Sunday, March 06, 2011

ANOTHER WINTER'S TALE

                                                      
A few blocks from where I live is a huge cemetery bordered on one side by small houses, built mid last century and on the other by an expressway and a huge freight yard.
The cemetery itself dates back to the early years of the 20th century and has a large section of military graves, in among the massive pine, spruce and other trees.
In the midst of the city, and so close to the expressway and freight yard with all the rumbling trains, oddly enough it is an expansive place of quiet where I enjoy walking, praying, as I did today, on one of the first sunny, and not bitterly cold, days in almost two months!
In Shakespeare’s “The Winter’s Tale”, Act 2, Scene 2, he has the character Mamillius state:  ‘A sad tale is best for winter.
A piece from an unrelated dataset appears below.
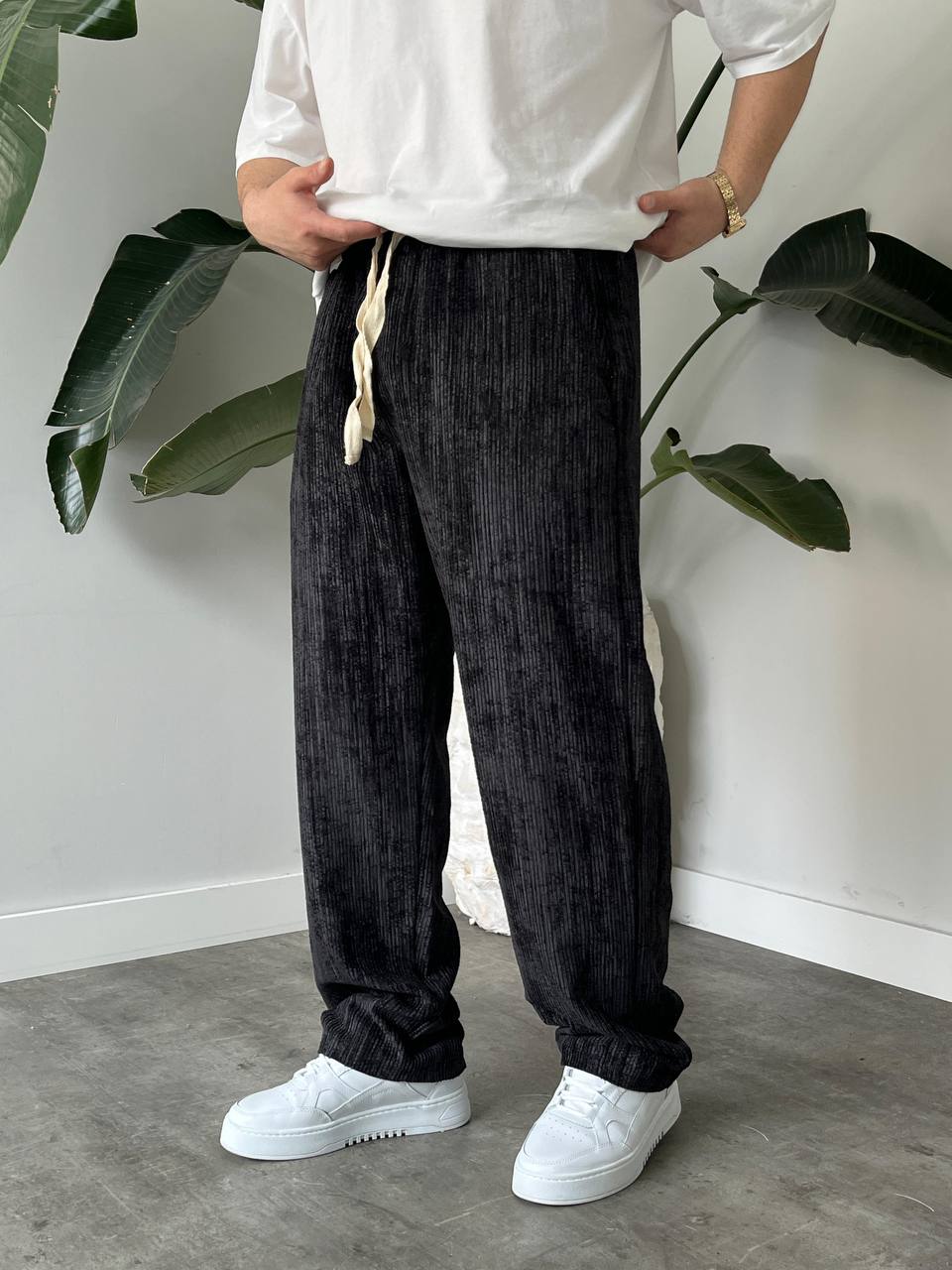 Erkek Siyah Kadife Baggy Pantolon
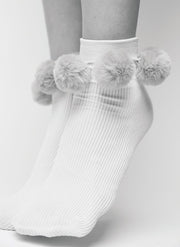 Ebba Pom Pom Socks, Ivory/Ivory by Swedish Stockings - Ethical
I have one of sprites and goblins.’  To which Hermione replies: ‘Come on, sit down, come on, and do your best to fright me with your sprites. You’re powerful at it.’
A fair description of what our modern news media tends to do, and what many of us do, in this culture of the negative, the accusatory – witness the obsession with celebrities falling apart before our eyes, or our only being truly aware of our oppressed brothers and sisters when blood runs in the streets.
How much attention paid to Yemen or Libya before the recent chaos?
Walking among the graves – actually mostly assuming where they are as I walked the ploughed paths, we have had so much snow already this winter most of the headstones are buried under the expanse of whiteness – I found myself reflecting not only on the coming season of Lent and what my prayer focus should be, but also recalling a novel, somewhat based on the above play of Shakespeare, and on this year’s Lenten message from Pope Benedict.
Obviously my musings are nothing if not eclectic!
The novel: “Winter’s Tale” published in 1983 and written by Mark Helprin.
Without giving too much away it takes place mostly in a New York City locked in the depths of arctic cold, wind, incessant snow and one night the main character, now adult, middle aged, of orphan background, attempts to rob what he assumes is a vacant house only to find therein a girl who is dying and……….eventually by sacrificing his life for a child the world changes.
I find in that novel not only faint echoes of Shakespeare, also some of C.S. Lewis’ allegory, but mostly the recurrent theme in so much of 20th and now 21st century literature, film: the perennial hunger for a Messiah.
 Sadly across so much of the world, numerous are our brothers and sisters who either do not know, or have chosen to forget, the Messiah, Jesus, has already dwelt among us, laid down His life to redeem us, IS with us always across the ages.
Indeed from time immemorial in oral story, song, poetry, in written word in all its forms, in myth and ‘religion’, we either tell our shared hunger for love and redemption, freedom from tyranny, hold up heroes who  will rescue us, from Robin Hood to Superman, or scare each other with tales of ‘of sprites and goblins’, a paradoxical expression of genuine fear of all that is dark and evil yet often denying satan does exist and we need be protected from him and his minions – here too only Jesus can rescue and protect us.
The hunger for freedom from oppression, so powerfully unfolding in the Middle East these days, is actually rooted in the deep hunger for true redemption, freedom from evil.
It is a hunger in every human heart and soul, there since Adam and Eve were cast out of the Garden.
Each Lent the Church places the whole truth of human history before us, culminating, in case somehow we missed it throughout Lent, in the nine powerful Readings of the Easter Vigil.
So yes, this Lent I intend to pray intently for the release from all forms of oppression of all the peoples of the earth and that as political freedom is achieved everyone will come to know and open wide the doors of their being to Jesus and yes too that we will all, by placing other before self, like Jesus lay down our lives in loving service for: “In Christ, God revealed Himself as love….The Cross of Christ…manifests God’s saving power…given to raise men and women anew and bring them salvation: it is love in its most extreme form…” [Pope Benedict’s Lenten Message 2011].


1 comment:

kam said...

Father, that is a mighty tall order, 'release from all forms of oppression of all the peoples on the earth.' A worthy lenten prayer, for sure. My lenten journey is still in prayer.